Ohio Attorney General Dave Yost has gone to court to keep Hebrew Union College planted in Cincinnati, filing suit on Tuesday, April 14, 2026, to stop the school from selling its historic campus or shifting donations meant for that site to its other locations. Yost argues that the college would be breaking faith with donors and walking away from a decades-old commitment to keep key rabbinical programs in the Queen City, escalating a long-running fight over the future of the campus, its library, archives and rabbinical training.
According to WKRC Local 12, Yost’s complaint says the school’s board voted to delete a 1950 requirement that Hebrew Union must “permanently maintain” a rabbinical school in Cincinnati and to end residential ordination after the 2025–26 academic year. “Hebrew Union accepted millions of dollars in donations based on a 76-year-old promise it now would like to break,” Yost said in a statement quoted in the filing. The lawsuit also alleges that donations specifically earmarked for Cincinnati programs have been diverted to the college’s campuses in New York, Los Angeles and Jerusalem.
College Plan And Board Vote
Hebrew Union College’s own strategic planning materials show that the Board of Governors voted to consolidate residential rabbinical education in New York and Los Angeles and to “sunset” the Cincinnati residential program after 2026, according to Hebrew Union College. The documents say the Clifton Avenue campus would be “reimagined” as a research and archives hub built around the Klau Library and the American Jewish Archives, rather than a full residential rabbinical campus.
Background: Fights Over The Klau Library
This is not Yost’s first run-in with the college over its Cincinnati treasures. He previously sought to block a planned sale of rare manuscripts from the Klau Library, asking for a temporary restraining order in June 2024, as reported by The Associated Press. That clash ended in a court-approved deal in October 2025 that requires the college to notify the attorney general before deaccessioning or removing items from the collection, according to WCPO.

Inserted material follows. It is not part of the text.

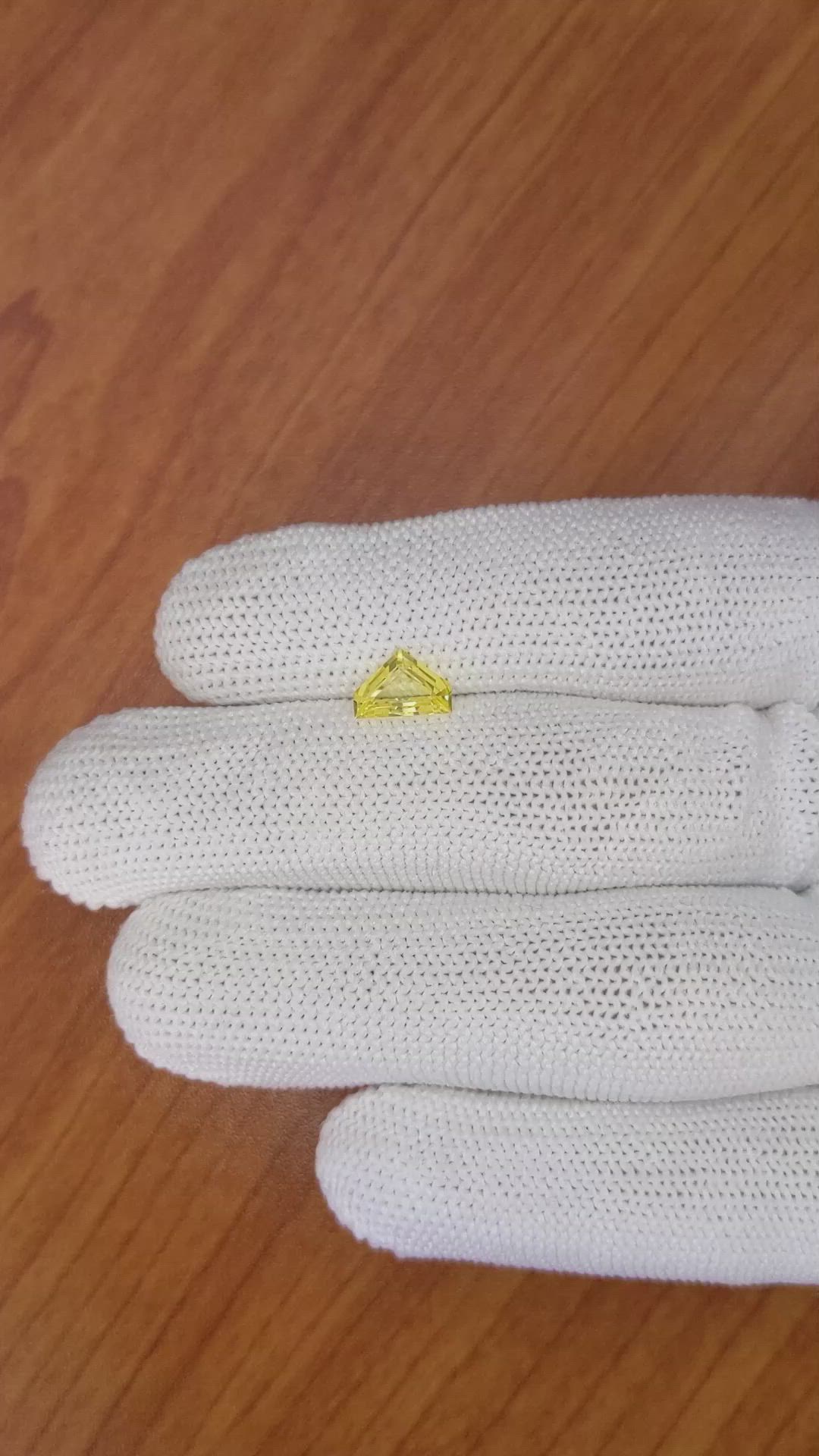 1.03 Ct. Yellow Sapphire from Ceylon (Sri Lanka) Size Video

Legal Claims And What Is At Stake
The new lawsuit again leans on breach of charitable trust and enforcement of donor restrictions, the same legal theory Yost used when he challenged the proposed rare book sales from the Klau Library, according to JTA. If the court sides with the attorney general, it could force Hebrew Union to stick closely to donor intent and could tighten the rules for how nonprofits transfer restricted gifts between campuses.
What Happens Next
The suit, filed Tuesday, asks the court to block any sale of campus property and to bar transfers of donor-restricted funds out of Cincinnati, according to WKRC Local 12. Hebrew Union has said it remains committed to preserving the Klau Library and its collections while reshaping its educational footprint, and this latest courtroom showdown will determine how far those plans can go under Ohio’s charitable trust rules.